I initially intended to write this 1 week after the post on payments and chargebacks, but advice to my younger self was hard to push back.

I'll add that it was Impossible Project Day at RC. Change of plans here too - I wanted to build a static site generator with Idris but ended up creating a basic WebAssembly compiler. It was clearly impossible since I planned to do it at my last RC batch and hadn't looked at it in the 2.5 years since.

In any case, risky payments. Imagine you start a payments processing startup. Everything goes well at first, but at some point you start to notice fraudsters processing stolen credit cards. You hire someone to lead up the operations team, going through every payment to make sure they're legitimate. Over time your payment volume goes up. Next you hire a software engineer to build a payment review queue, say to review the payment if it's above $1,000 and has an IP address outside of the US.

This decision tree is simple to understand and set up, but also easy to get around. Fraudsters may realize the $1,000 threshold and start processing $999 payments instead. In addition, what is thought of as fraud signal may not be it. For example, instead of the IP address being the red flag, it's actually the language setting on the browser.

This is where machine learning (ML) models can help. First, instead of a 'review' or 'no review' determination, the model would return a score between 0 (not fraud) and 1 (fraud). We can set up the queue such that payments above a certain threshold are reviewed; this is set based on review capacity and risk tolerance. Second, the model would use all possible features as input, and give higher weights to more predictive features based on historical data. This is often called a classification model.

Different models have different trade-offs. Logistic regression is the more 'explainable' model, in which there's a direct relationship between the weights and the likelihood of fraud.

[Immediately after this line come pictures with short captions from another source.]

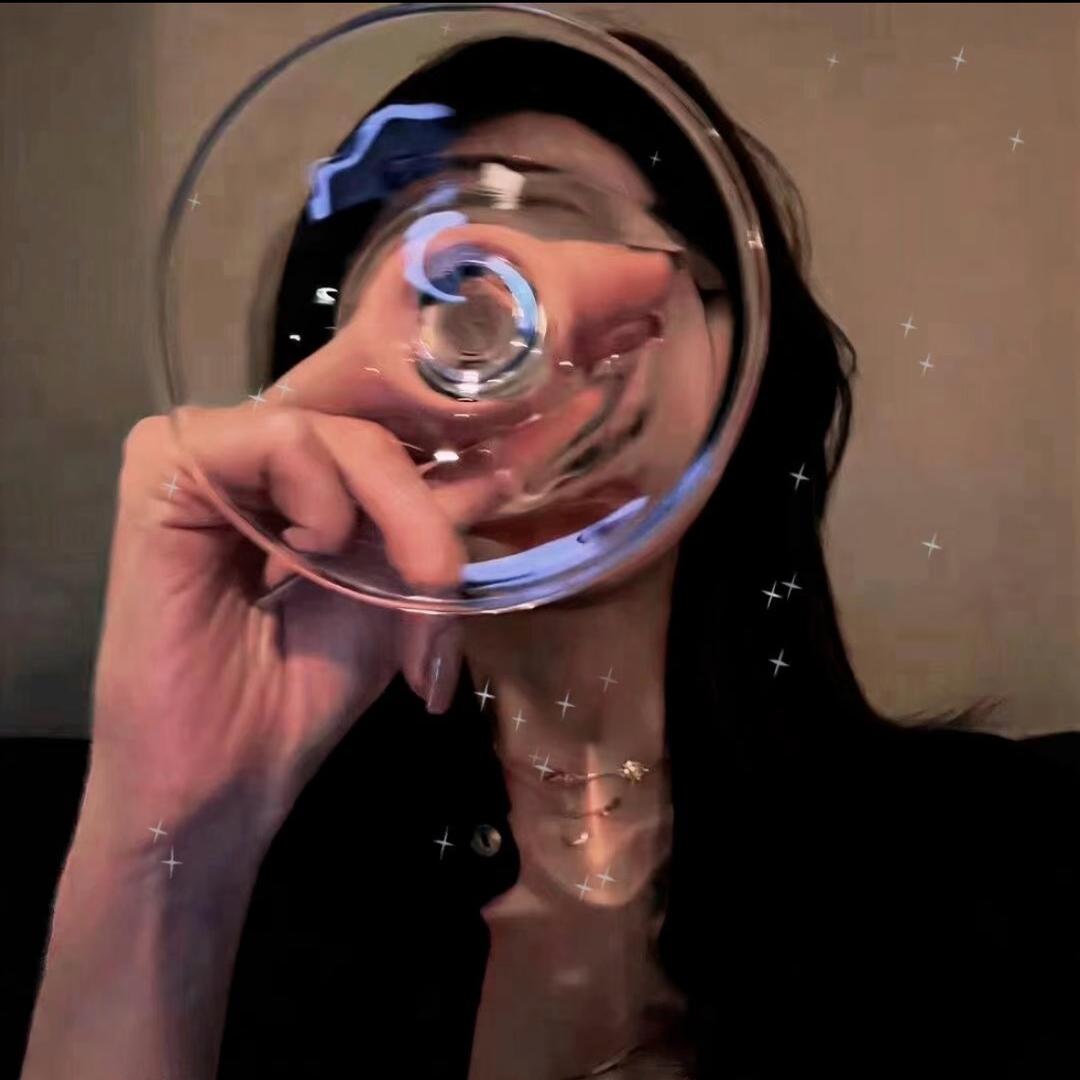 咩咩是只羊呀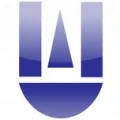 Logo ROMEDIAL Dialyse- und Krankenhausbedarf Handelsgesellschaft mbH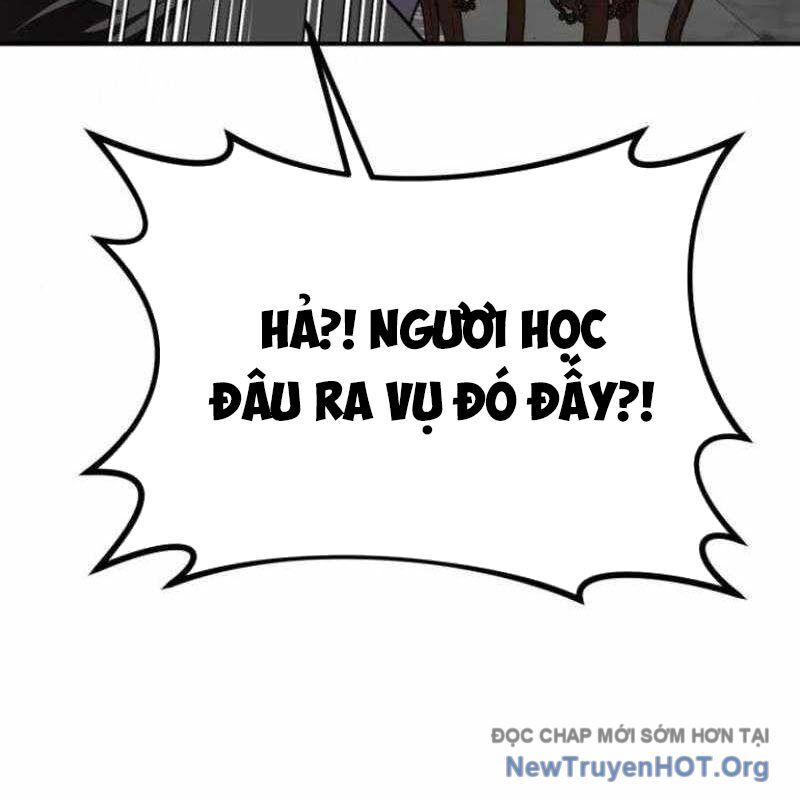 Ta Đây Vô Địch Bất Bại - Chapter 39 - Page 66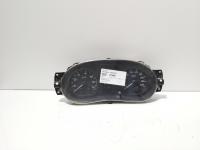 Ceas bord, cod 8200435079, Dacia Logan MCV (KS) 1.5 DCI (id:675600)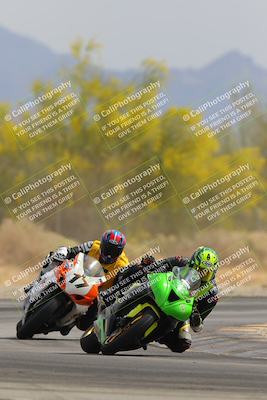 media/Apr-12-2025-Race Pace (Sat) [[9230add55f]]/Vested/1-Turn 2 (10am)/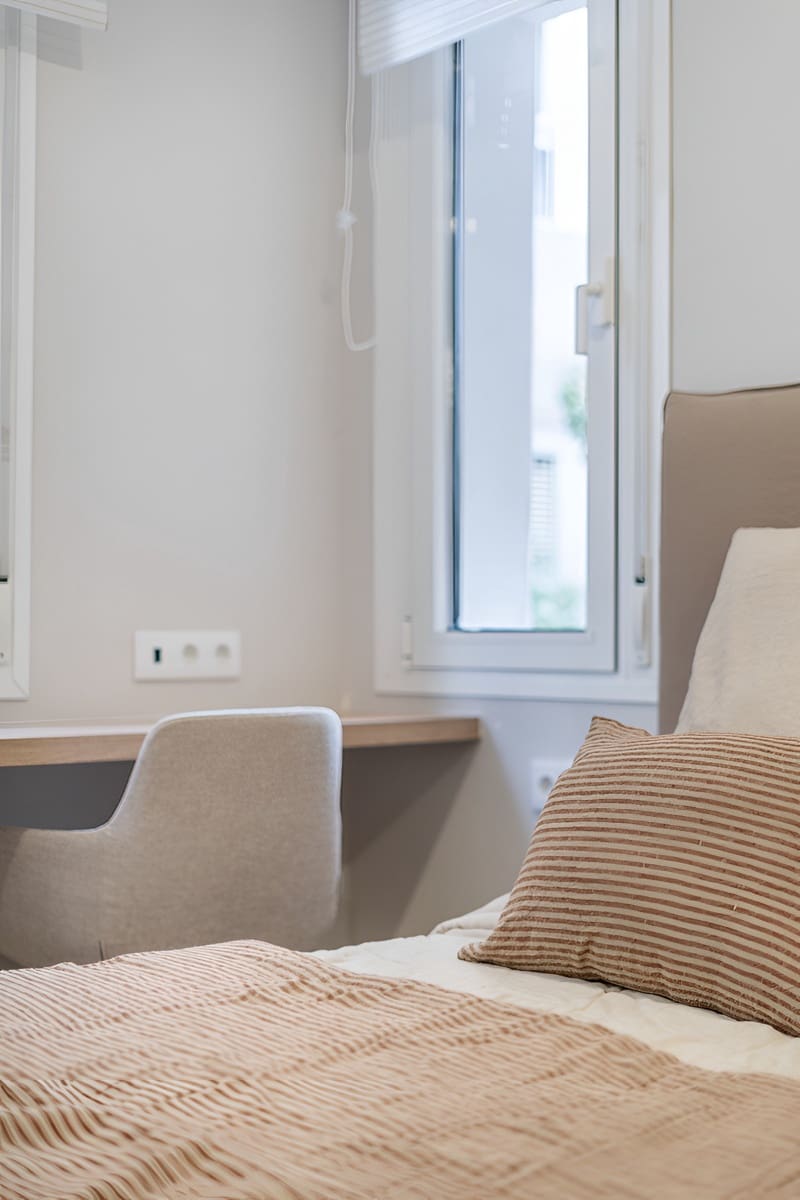 2 soverom Leilighet til salgs i Estepona - € 492 000 (Ref: 9726486)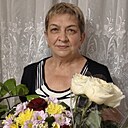 Знакомства: Валентина, 65 лет, Волжский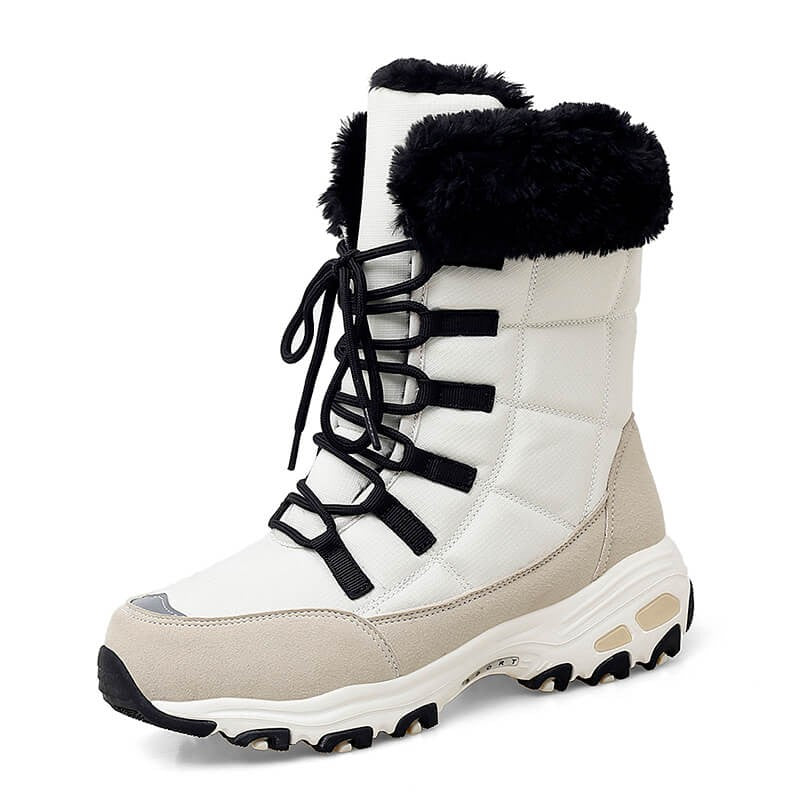 Arksnow™ -  Winter Boots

We also have 'black box' models like random forests, that employ a 'wisdom of crowds' approach by training a 'forest' of trees. These are harder to understand but have much better predictive performance.

How do we think about performance metrics? The 'precision' of each model is the percentage of cases reviewed by the ops team that end up being blocked, over the total number of cases created. The 'recall' is the total blocked dollar amount over total dollar amount across all cases. Tracking precision alone may end up solving for risky but low-dollar payments, so we'll want to optimize for both.

Another consideration is 'lagging' vs 'leading' indicators. Chargebacks are our 'ground truth' but can arrive up to 3 months from the payment time; this is our lagging indicator. Having the ops team review payments helps provide a leading indicator, especially against fraud rings, but what the ops team blocks may not necessarily end up being chargebacks.

Once we have an effective baseline workflow, we can potentially layer on a process to automatically block payments that are extremely likely to be fraudulent. This helps free up ops team capacity. In addition, if we think of high-scoring payments as 'bad', then low-scoring payments can highlight 'good' customers we want to do more business with. In other words, we get a 'credit-like' model for free.